Qu’un gamin pose les problèmes aussi simplement les étonna. Après tout, ça marchait bien comme c’était, il fallait reprendre les tournées, une nouvelle convalescence allait tout retarder. Bref, il avait raison ! Les plus hargneux furent mis en minorité. Tancrède acheva le travail en positionnant les complotistes plus avantageusement sur le planning, bien que les créneaux, avec la tournée mondiale, se raréfiaient. Mais une promesse intenable vaut mieux qu’une rancœur rance.

Hector en profita. Il exigea de modifier le nom de l’Ange en ajoutant « et son servant », dans la même police et la même taille de caractère et qu’il soit systématiquement sur les photos. Il en avait simplement marre de ne pas être aussi bien traité que son ami.

Les membres éminents du SAS comprirent immédiatement qu’ils avaient tout à gagner, car, dorénavant, c’est ce petit jeanfoutre, qui les emmerdait et les restreignait, qui serait responsable de tout. De plus, lui expliquer à lui serait plus facile qu’à l’autre demeuré.

C’est ainsi que la raison sociale de l’opération changea. Hector devint le Servant.

Pour parachever, Tancrède coopta Hector comme membre permanent du comité de surveillance du SAS. On fit remarquer, encore une fois, à Tancrède qu’il n’y avait qu’un comité au SAS, sans attribut. Il haussa les épaules devant cette pauvreté.

Tout avait été pensé et préparé, il ne s’agissait plus que de faire tourner le nouveau produit.

Le retour de l’Ange fut un succès mondial, accompagné de bouleversements économiques, politiques, puis guerriers. La routine.

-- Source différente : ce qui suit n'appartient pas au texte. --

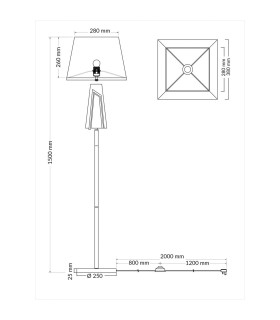 Plaza Floor Lamp with Square Shade Polished Chrome-2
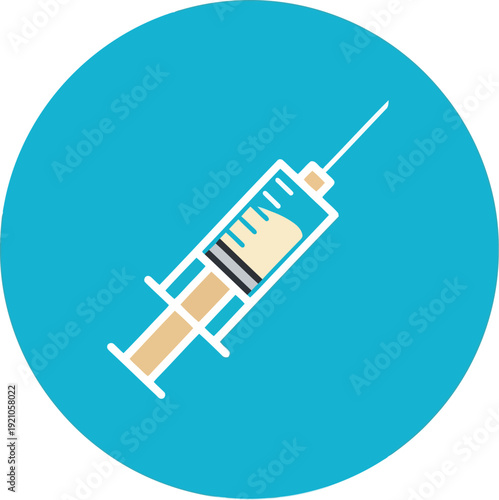 Medical Syringe Icon Isolated on Blue Circle Background for Healthcare and Vaccination Concepts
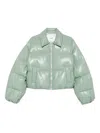 Nanushka Adjustable Cropped Puffer Jacket In Green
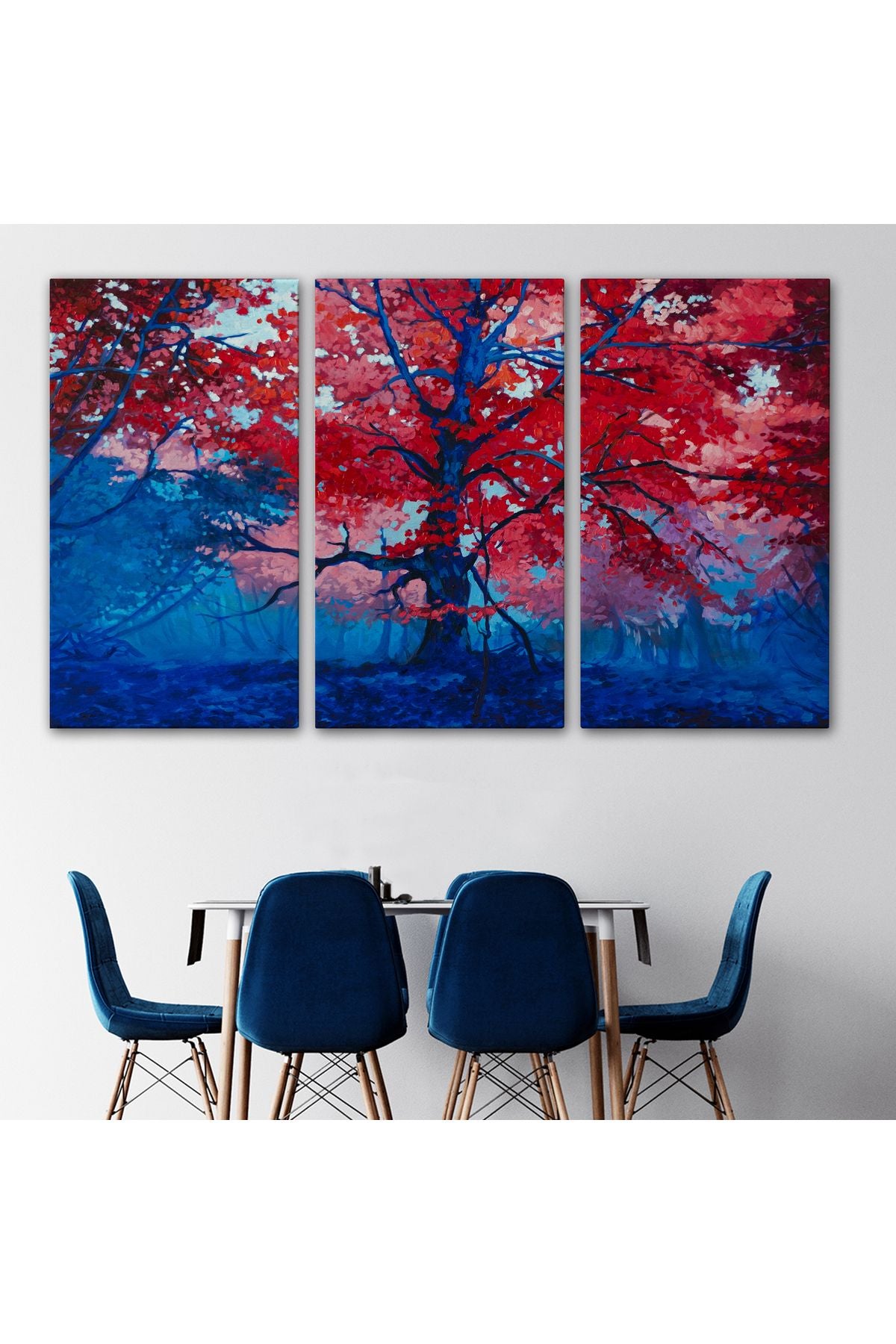 Ormandaki Güzel Sonbahar Ağacı Kanvas Duvar Tablosu-1192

La nouveauté de sa parole raviva l’intérêt. Après une longue introduction mélangeant battements d’ailes dans les airs, musique grandiose, simulations de réflexion et d’extase, mouvements de bras, la salle était prête, les fidèles, complètement abêtis par l’extase, offrant généreusement leurs minutes de cerveau, les messages pouvaient être lancés. L’Envoyé se penchait alors vers son Servant pour lui susurrer quelques mots, que ce dernier reprenait à voix forte. Quelques évanouissements, puis tous repartaient avec ces paroles divines en tête, ce qui empêchait la moindre réflexion sur leur teneur. Pour cela, les officiants avaient été formés à l’exégèse, qui se réduisait à : « Croyez, Obéissez, Payez ».

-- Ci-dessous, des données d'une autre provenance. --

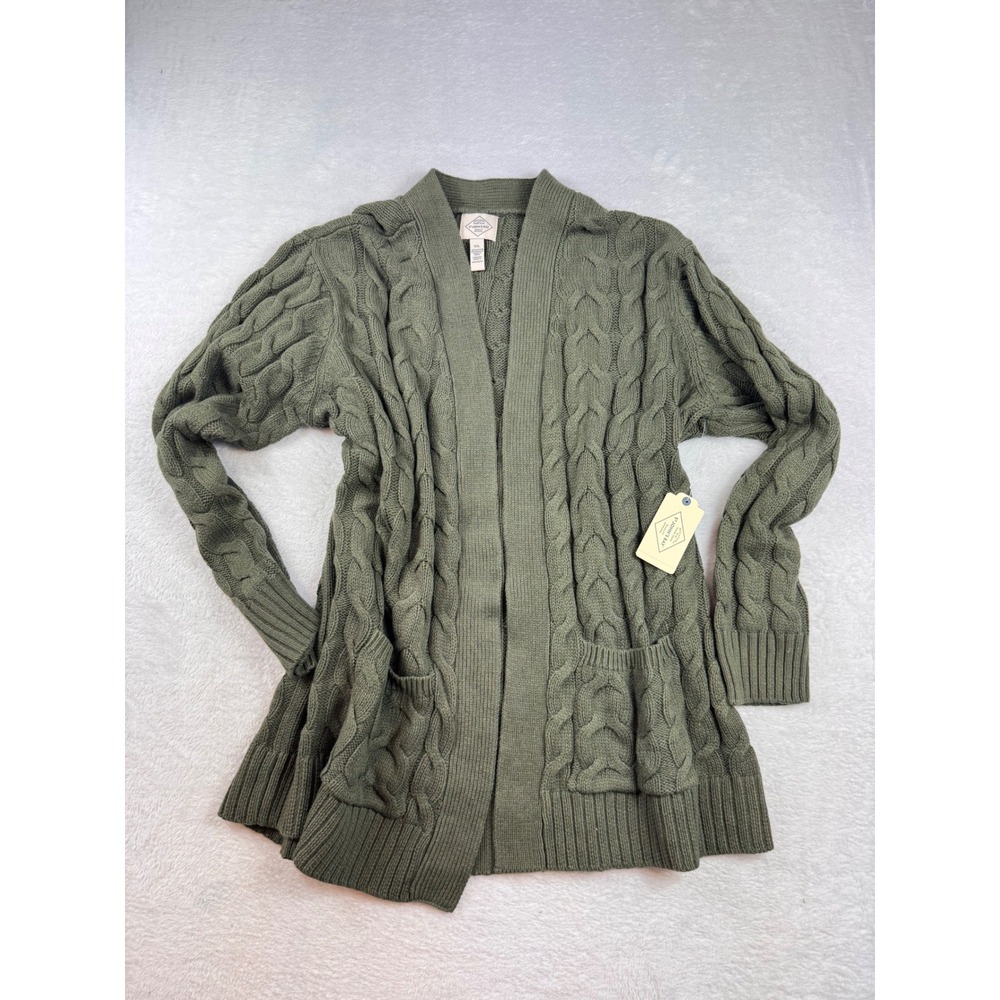 St. John's Bay Women XXL Olive Green Cable Knit Open Front Cardigan Sweater NWT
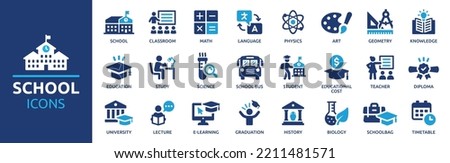 School icon set. Containing classroom, students and teacher icons. Education and knowledge symbol. Solid icons vector collection.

Rien n’avait fondamentalement changé, mais la présentation modernisée suffisait à créer la nouveauté, indispensable à la fascination des foules.

Les costumes avaient été très travaillés, et on avait fait appel aux plus grands couturiers pour avoir un drapé qui masquait la particularité secondaire, dressée en permanence. Franchement, le résultat était pour le moins curieux, malgré la créativité. Inconsciemment, tous butaient sur cette faribole d’absence de sexe pour cette espèce.

Ce silence et ce masquage maladroit soulignaient trop l’irrésolution du problème. Il ne faut donc pas s'étonner que cela ait dégénéré en révolution.